Page MenuHomePhabricator

Spin up virtualized NFS server strictly for Grid Engine database and management
Closed, DeclinedPublic

Description

In the current arrangement, the project and tools NFS is shared with the actual database of grid engine. It is possible to remove the dependence on NFS, but without a shared storage platform, shadow master functionality becomes worse or impossible even with an external DB server.

However, this means that a malfunctioning tool is able to corrupt the gridengine database or cause the entire grid to collapse for some time even after the NFS problem is recovered.

The only thing that needs to be preserved separately really is the spooling database and related files in the /var/spool/gridengine directly. Most of toolforge will collapse if NFS is in bad enough shape anyway, but the database needs to be kept in order.

Since this would encompass only files in the .system_sge directory or even a subdirectory of that, this really could be a VM in the tools project.
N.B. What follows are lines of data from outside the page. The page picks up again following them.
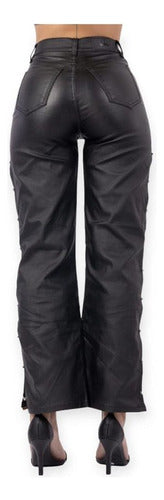 Stylish Chain Detail High-Waisted Coated Pants 2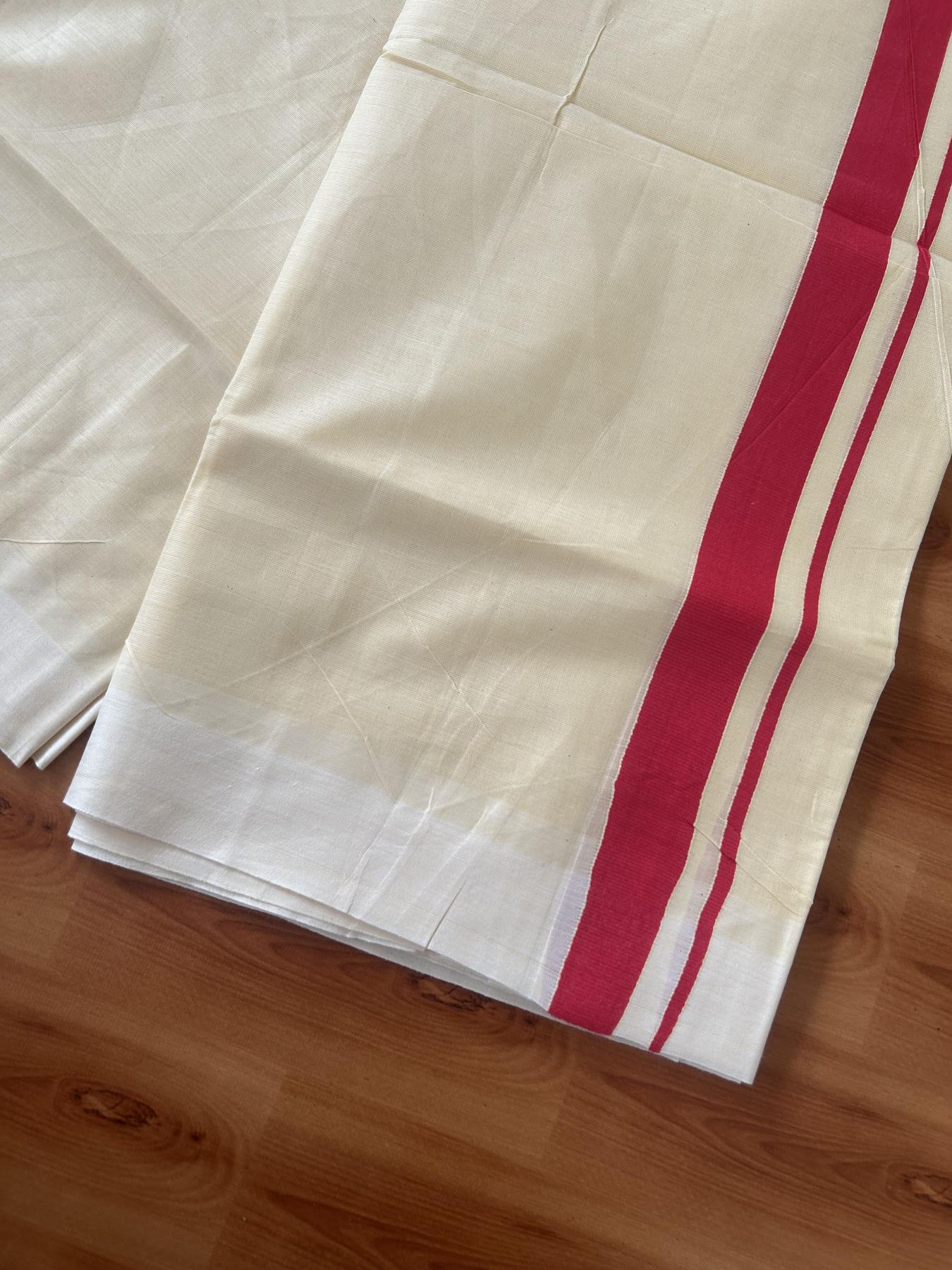 Kannur Kavi - 20% Discount! KaithariKada Balaramapuram Double Mundu/Dhoti - Pure Cotton - 100x80 - Kannur Yellow colour Body 1 Inch Red kara - 4 mtr - (8.5 muzham) - 5 KK5389 GAN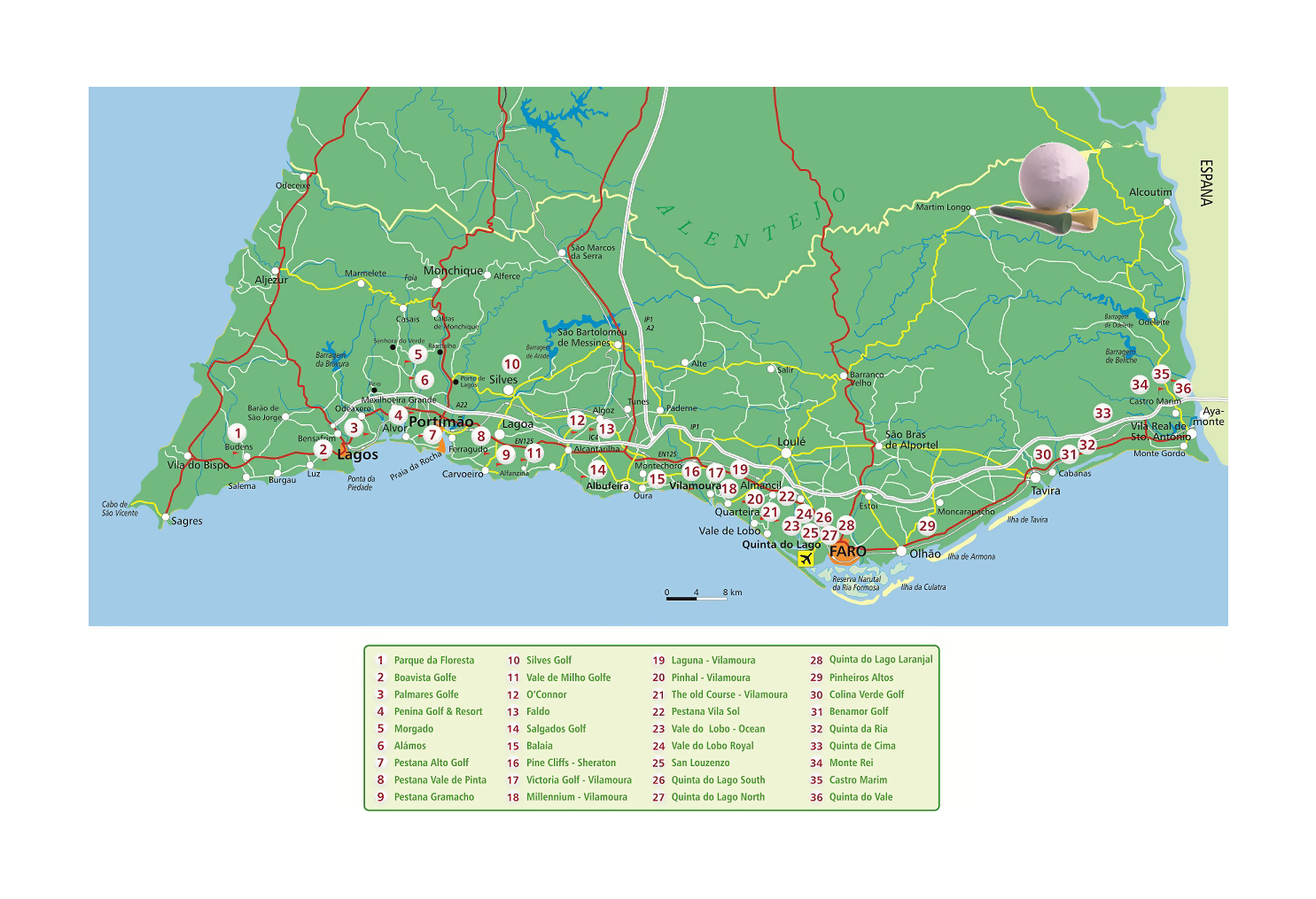 Detallado Mapa De Golf De Algarve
NOTE: It is also possible to spin up a BerkeleyDB Spooling Server, but the packaging scheme in our OS doesn't make it terribly easy. Besides that may be an even more unstable method of preserving the database than NFS.

Event Timeline

Bstorm created this task.
bd808 lowered the priority of this task from High to Low.Aug 8 2019, 4:03 AM
Bstorm lowered the priority of this task from Low to Lowest.Jun 11 2020, 10:46 PM

This may not even be the approach we take in the end. The grid may end up outside of tools first. Beyond that, we are likely to rebuild NFS servers to work differently first as well. As we are stabilizing our NFS design, this whole issue is much less scary.

We may think about this when the next iteration of NFS rebuild happens.